Feature parity between these two cards is total. Both support DirectX 12 Ultimate — the current gold standard for modern gaming APIs, enabling hardware-accelerated ray tracing, mesh shaders, and variable rate shading across supported titles. Paired with ray tracing and DLSS support, both cards are well-equipped for the current generation of visually demanding games, where DLSS in particular can dramatically recover framerates lost to ray tracing overhead.

On the practical side, both cards drive up to 4 displays simultaneously and support Intel Resizable BAR, which allows the CPU to access the full VRAM pool at once rather than in chunks — a feature that can yield modest but real performance gains in optimized titles. Neither card carries an LHR limiter, which is relevant for compute and mining workloads, and neither includes RGB lighting, signaling a more utilitarian design philosophy on both models.

With every feature spec identical across the Dual OC and the Prime OC, this category is a definitive tie. Whichever card a buyer chooses, they are getting the exact same software and API capabilities.

Both cards offer an identical output configuration: 3 DisplayPort and 1 HDMI 2.1b port, totaling four display outputs — consistent with the multi-display support noted in their feature specs. The adoption of HDMI 2.1b is meaningful here, as it supports up to 4K at high refresh rates and 8K output, making either card future-compatible with high-end monitors and TVs without the need for adapters.

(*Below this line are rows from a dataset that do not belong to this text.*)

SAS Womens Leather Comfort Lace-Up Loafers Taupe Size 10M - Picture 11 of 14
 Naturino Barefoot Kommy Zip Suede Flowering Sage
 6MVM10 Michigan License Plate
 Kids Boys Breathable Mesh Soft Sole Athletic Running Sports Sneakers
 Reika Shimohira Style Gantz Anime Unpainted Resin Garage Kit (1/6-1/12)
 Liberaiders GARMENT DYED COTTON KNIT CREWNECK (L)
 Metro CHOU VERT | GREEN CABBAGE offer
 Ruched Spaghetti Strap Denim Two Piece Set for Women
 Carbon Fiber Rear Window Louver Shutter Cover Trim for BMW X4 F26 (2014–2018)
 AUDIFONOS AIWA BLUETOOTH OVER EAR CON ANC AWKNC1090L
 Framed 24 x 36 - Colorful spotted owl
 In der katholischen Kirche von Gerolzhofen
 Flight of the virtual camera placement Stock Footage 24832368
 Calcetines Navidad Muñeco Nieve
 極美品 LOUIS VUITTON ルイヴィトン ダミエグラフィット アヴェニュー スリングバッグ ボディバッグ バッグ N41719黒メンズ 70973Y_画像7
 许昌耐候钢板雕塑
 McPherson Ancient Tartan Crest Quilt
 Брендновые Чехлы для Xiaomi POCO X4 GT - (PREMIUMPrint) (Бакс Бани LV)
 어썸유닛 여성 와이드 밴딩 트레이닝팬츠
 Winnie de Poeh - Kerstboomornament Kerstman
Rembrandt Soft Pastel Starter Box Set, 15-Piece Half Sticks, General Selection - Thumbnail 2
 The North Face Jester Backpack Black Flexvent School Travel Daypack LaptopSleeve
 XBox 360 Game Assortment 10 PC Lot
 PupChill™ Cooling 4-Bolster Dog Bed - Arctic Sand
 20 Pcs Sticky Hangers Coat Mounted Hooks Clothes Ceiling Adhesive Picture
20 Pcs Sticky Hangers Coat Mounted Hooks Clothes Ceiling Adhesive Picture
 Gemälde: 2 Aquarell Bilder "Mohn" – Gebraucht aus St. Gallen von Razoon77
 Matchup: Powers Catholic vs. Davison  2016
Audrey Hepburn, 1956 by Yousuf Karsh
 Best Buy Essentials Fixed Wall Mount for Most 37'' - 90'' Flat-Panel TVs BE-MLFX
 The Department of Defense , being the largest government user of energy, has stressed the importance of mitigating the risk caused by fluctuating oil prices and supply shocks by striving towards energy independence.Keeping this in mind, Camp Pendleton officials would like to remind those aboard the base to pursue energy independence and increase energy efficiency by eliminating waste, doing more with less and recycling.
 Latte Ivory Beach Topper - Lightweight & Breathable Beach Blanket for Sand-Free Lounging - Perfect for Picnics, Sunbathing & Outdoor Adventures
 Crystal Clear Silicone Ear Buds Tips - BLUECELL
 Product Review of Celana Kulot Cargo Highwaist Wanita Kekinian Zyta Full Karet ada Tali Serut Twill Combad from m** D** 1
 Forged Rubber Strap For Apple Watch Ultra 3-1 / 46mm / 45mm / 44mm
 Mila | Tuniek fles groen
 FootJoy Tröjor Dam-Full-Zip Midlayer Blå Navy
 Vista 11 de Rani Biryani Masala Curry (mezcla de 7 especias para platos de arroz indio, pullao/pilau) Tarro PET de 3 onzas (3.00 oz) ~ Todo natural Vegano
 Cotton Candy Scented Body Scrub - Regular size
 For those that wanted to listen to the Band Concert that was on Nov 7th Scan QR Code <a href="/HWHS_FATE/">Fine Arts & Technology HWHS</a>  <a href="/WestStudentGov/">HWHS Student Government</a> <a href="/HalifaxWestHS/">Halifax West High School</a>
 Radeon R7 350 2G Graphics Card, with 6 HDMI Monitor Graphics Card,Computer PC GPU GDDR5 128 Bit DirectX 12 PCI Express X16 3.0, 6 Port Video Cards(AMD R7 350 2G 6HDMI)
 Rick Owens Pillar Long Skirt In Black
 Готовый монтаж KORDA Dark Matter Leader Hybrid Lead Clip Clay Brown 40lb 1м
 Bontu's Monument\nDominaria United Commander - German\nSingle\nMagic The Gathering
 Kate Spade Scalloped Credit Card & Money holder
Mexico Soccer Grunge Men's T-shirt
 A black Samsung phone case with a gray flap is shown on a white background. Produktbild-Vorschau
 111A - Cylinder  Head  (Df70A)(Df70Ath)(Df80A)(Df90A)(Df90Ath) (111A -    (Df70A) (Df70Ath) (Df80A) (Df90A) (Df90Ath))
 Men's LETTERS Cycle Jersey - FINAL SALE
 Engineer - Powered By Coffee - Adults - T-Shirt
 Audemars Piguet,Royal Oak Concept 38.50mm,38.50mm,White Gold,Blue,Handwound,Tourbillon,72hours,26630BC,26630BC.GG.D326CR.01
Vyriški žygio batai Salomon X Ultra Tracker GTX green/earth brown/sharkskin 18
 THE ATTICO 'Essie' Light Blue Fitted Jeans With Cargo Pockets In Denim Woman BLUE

The three DisplayPort outputs are the workhorses for a multi-monitor setup, and their quantity means a user can run a full three-screen array on DisplayPort alone while keeping the HDMI port free for a TV or a fourth display. The absence of USB-C and legacy DVI outputs is unsurprising at this tier — DVI is effectively extinct in modern GPU design, and USB-C display output, while useful for direct connection to certain monitors and laptops, is not a standard inclusion on cards in this class.

No differentiation exists between the Dual OC and the Prime OC in this category — it is a clean tie. Connectivity needs will not factor into the decision between these two cards.

Under the hood, these two cards are built from identical foundations: the same Blackwell architecture, manufactured on a 5nm process with 21.9 billion transistors, running at a 180W TDP over a PCIe 5.0 interface. The 5nm node delivers strong performance-per-watt, and the 180W power envelope is reasonable for this performance tier — manageable for most mid-range PSUs without requiring exotic power delivery.

Where these two cards genuinely diverge is physical footprint. The Dual OC measures 229mm in length, while the Prime OC stretches to 304mm — a difference of 75mm, or about 33% longer. That gap is substantial. The Dual OC's shorter PCB makes it a far more compatible choice for compact ATX cases, Mini-ITX builds, or any chassis with tight GPU clearance limits. The Prime OC, by contrast, occupies the space typical of a full-size dual or triple-fan card and will require buyers to verify case clearance before purchasing.

For this group, the Dual OC holds a clear practical advantage for space-constrained builds. Buyers with a standard mid-tower or full-tower have nothing to worry about with either card, but anyone building in a smaller enclosure should treat the Prime OC's 304mm length as a hard compatibility check.